National Laboratory of Building and Public Works
- Trade name: LNBTP
- Native name: Laboratoire Nationale du Bâtiment et des Travaux Publics
- Founded: 14 December 1982
- Defunct: 2019
- Owner: Government of Burundi
- LNBTP headquarters in Bujumbura LNBTP headquarters in Bujumbura (Burundi)

= National Laboratory of Building and Public Works =

The National Laboratory of Building and Public Works (Laboratoire Nationale du Bâtiment et des Travaux Publics), or LNBTP, is a public company that conducts tests on soils and matierials used in conxtruction projects in Burundi.

==Foundation==

The National Laboratory of Building and Public Works (LNBTP) was created by Decree No. 100/129 of 14 December 1982 with the status of a technical department.
By Decree No. 100/114 of 2 August 1990, it became an administration with legal personality, its own assets and management autonomy.
Its board of directors has five members including the director, who are appointed by decree on the proposal of the Minister in charge of public works.

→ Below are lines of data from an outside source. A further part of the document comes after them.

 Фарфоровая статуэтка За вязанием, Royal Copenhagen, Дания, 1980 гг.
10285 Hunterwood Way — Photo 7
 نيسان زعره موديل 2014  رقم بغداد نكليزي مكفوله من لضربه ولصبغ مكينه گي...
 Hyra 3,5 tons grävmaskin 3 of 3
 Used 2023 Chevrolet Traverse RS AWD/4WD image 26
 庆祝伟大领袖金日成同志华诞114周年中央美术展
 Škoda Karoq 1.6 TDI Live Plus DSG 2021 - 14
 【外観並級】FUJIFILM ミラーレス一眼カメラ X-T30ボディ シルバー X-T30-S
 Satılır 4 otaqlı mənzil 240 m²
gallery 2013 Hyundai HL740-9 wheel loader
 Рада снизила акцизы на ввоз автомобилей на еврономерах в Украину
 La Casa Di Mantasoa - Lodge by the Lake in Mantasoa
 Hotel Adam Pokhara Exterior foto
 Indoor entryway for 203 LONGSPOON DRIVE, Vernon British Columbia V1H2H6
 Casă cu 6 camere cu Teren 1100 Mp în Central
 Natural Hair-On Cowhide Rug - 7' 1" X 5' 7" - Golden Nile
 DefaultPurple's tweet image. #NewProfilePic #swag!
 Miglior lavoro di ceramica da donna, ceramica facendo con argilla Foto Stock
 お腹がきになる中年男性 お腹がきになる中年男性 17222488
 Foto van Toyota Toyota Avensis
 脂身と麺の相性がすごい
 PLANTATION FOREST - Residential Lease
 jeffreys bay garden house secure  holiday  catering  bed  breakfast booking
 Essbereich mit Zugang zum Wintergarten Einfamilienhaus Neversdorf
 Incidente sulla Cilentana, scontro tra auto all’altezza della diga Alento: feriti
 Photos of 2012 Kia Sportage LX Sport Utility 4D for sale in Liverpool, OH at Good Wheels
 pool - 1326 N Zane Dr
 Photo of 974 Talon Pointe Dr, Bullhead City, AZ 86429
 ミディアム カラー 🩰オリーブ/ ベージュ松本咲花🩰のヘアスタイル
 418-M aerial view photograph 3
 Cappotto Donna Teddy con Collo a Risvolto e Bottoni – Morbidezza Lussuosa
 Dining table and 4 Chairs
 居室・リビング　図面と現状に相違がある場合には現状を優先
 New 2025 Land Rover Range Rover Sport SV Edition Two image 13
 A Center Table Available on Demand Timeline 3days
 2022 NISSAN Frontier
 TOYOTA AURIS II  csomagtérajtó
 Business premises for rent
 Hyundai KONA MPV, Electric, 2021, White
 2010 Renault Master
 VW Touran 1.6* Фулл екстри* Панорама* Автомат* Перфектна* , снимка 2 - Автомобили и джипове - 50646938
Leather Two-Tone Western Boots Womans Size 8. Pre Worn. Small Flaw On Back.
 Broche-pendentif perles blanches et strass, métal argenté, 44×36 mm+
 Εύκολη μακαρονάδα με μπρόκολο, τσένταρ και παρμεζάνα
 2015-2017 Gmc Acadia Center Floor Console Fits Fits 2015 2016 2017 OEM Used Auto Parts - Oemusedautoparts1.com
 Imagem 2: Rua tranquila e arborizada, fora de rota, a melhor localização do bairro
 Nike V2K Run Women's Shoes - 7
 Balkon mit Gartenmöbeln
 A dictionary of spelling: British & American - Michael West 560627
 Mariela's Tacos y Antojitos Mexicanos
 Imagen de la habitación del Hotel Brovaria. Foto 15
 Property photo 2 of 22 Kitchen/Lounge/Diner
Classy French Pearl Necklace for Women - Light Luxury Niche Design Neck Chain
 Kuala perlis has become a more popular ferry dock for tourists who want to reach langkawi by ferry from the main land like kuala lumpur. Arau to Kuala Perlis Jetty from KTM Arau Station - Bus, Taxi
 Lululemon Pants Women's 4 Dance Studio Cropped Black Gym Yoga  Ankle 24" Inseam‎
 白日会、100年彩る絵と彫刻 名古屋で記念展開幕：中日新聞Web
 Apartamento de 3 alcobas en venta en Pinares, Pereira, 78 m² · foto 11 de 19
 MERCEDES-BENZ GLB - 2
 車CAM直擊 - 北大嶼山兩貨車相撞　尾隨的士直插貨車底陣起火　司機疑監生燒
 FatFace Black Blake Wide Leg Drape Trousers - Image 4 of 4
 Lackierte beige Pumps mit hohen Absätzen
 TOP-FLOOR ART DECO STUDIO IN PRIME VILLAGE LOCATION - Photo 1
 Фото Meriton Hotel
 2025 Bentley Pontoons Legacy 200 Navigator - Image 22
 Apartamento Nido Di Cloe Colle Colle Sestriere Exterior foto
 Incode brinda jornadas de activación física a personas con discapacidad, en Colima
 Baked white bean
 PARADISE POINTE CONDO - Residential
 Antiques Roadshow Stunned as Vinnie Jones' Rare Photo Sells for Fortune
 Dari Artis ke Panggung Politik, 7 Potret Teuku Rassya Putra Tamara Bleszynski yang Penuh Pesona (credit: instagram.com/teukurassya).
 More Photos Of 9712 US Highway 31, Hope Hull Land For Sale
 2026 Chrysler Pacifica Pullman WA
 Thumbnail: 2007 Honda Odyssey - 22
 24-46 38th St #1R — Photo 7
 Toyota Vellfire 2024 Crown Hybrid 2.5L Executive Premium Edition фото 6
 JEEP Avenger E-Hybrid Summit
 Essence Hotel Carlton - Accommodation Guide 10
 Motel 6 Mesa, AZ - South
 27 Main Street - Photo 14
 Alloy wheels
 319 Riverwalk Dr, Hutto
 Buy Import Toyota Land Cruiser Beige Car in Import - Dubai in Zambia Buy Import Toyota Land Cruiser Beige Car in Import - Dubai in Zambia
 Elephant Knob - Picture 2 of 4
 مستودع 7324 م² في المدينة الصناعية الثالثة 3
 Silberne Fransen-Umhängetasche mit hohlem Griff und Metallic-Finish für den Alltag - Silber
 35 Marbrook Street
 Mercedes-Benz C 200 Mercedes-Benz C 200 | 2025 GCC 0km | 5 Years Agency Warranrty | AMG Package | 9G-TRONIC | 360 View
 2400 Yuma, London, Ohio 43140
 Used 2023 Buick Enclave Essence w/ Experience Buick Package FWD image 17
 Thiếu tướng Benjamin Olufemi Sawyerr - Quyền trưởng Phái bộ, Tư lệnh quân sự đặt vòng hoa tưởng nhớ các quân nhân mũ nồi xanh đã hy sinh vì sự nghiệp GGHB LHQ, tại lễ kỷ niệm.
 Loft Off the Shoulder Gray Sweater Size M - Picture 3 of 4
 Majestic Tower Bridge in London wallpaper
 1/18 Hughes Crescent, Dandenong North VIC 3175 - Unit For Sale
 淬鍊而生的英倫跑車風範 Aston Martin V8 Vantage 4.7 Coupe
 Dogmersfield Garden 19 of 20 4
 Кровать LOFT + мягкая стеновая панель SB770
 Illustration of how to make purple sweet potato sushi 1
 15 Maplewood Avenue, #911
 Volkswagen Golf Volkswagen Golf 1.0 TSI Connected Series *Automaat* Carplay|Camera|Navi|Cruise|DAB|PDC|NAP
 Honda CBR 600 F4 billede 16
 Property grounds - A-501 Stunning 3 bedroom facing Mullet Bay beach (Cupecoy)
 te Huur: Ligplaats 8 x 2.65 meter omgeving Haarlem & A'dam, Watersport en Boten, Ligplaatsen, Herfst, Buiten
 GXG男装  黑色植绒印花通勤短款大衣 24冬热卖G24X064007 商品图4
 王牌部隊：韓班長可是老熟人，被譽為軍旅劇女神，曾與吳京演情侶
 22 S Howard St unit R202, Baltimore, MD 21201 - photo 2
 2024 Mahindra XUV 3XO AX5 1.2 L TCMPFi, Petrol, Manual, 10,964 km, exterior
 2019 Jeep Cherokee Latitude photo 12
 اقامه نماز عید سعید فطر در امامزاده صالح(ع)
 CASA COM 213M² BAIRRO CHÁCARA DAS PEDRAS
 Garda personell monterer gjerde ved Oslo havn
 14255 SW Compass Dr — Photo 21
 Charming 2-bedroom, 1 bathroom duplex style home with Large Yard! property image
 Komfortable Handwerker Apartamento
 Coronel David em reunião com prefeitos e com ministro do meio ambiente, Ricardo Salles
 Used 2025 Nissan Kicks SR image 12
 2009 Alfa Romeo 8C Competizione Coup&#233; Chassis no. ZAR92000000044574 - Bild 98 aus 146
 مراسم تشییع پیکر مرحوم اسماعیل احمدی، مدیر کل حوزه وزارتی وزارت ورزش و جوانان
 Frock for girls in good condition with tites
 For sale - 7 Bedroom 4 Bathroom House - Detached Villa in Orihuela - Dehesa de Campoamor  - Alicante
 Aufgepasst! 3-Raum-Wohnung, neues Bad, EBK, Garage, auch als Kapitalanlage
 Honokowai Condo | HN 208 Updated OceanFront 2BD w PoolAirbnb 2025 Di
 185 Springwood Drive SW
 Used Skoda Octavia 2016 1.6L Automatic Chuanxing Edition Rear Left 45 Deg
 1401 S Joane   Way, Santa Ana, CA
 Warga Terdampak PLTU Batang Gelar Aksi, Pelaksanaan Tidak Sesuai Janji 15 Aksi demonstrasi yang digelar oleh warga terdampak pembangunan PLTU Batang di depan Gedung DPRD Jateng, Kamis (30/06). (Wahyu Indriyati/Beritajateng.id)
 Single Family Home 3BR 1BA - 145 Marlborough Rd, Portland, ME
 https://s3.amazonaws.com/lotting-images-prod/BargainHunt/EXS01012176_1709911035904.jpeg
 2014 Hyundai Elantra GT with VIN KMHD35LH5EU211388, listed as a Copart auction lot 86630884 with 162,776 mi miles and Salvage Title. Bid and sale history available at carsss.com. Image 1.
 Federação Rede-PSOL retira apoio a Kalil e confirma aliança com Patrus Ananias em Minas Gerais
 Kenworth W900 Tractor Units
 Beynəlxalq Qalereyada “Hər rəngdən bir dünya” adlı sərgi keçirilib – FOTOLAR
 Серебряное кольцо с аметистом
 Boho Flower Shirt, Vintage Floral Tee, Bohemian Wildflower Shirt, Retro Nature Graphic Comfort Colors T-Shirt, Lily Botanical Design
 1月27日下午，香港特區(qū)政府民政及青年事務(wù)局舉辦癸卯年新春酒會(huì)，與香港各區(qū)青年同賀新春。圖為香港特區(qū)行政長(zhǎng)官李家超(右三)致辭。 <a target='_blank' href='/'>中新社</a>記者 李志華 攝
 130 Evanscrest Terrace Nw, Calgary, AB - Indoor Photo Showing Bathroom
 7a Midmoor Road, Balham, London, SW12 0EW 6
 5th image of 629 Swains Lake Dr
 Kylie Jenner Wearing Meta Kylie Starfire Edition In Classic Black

The original mission of the LNBTP was to undertake all tests, studies and research concerning soils and construction materials for buildings and public works.

==History==
Ministerial order No. 720/158 of 18 July 1994 authorized involvement of private laboratories in execution of public works and building contracts awarded by the State. The private laboratories had to provide technical references and have sufficient and experienced staff. The LNBTP was the authority in assessing the quality of the services of private laboratories.

Ministerial Order No. 720/129 of 9 March 2001, still in force as of 2018, gave the LNBTP a monopoly on studies and geotechnical control of soils and materials for execution of public works and building contracts awarded in the name of the State, These must include a clause specifying the nature and frequency of the laboratory's interventions. Approved private laboratories could intervene in public contracts as self-control laboratories for companies or private individuals.

A 2004 World Bank report noted that LNBTP functions included supervising technical and geo-technical studies for roads.
It had experienced and well-trained engineers, but did not have the capacity to plan and lead road programs executed by the private sector.

In July 2014 Ernest Mberamiheto, Minister of Good Governance and Privatization, answered questions in a National Assembly debate.
Companies that had been recommended for privatization over a five-year period included SOSUMO (Note: SOSUMO: Société Sucrière du Moso (Moso Sugar Company)), SIP (Note: SIP: Société Immobilière Publique (Public Real Estate Company)), SRDI (Note: SRDI: Société Régionale de Développement de l'Imbo (Imbo Regional Development Company)), OTB (Note: OTB: Office du Thé du Burundi (Burundi Tea Office)), ALM (Note: ALM: Agence de Location du Matériel (Equipment Rental Agency)), COGERCO
 (Note: COGERCO: Compagnie de Gérance du Coton (Cotton Management Company)), LNBTP and ONATOUR (Note: ONATOUR: Office National de la Tourbe (National Peat Office)).
It was recommended that measures be put in place to prevent the assets of these companies being abused in the interim before privatization occurred.

As of 2018 the laboratory had 48 permanent employees including 6 engineers, 10 technicians and 19 technical assistants.
It was poorly funded, relying on fees and external aid, and faced competition from private laboratories.
The LNBTP had a monopoly on tests relating to buildings, but the market was free and subject to competition for other types of works.

In 2019 by Decree No.100/079 of 24 May 2019 the LNBTP was merged with other entities into OBUHA (Note: OBUHA: Office Burundais de l’Urbanisme, de l’Habitat et de la Construction (Burundian Office of Urban Planning, Housing and Construction)), which was in charge of Urban Planning, Housing, and Construction.
The other merged entities were SIP, ECOSAT (Note: ECOSAT: Encadrement des Constructions Sociales et Aménagement des Terrains (Social Construction Promotion and Land Development)), Municipal Technical Services (SETEMU), General Directorate of the Building (DGB) and General Directorate of Urban Planning and Habitat (DGUH).
The new organization was responsible for sanitation, housing, and urban planning and development.

In July 2021 over 30 employees of the former LNBTP were dismissed.
They were told that their contract had terminated when the decree establishing OBUHA had been signed, although their salaries had continued to be paid.
They could take a recruitment test if they wanted to continue with OBUHA, join the civil service as new exmployees with no recognition of their experience, or accept severance pay.
The employees were not told how to hand over, or to whom.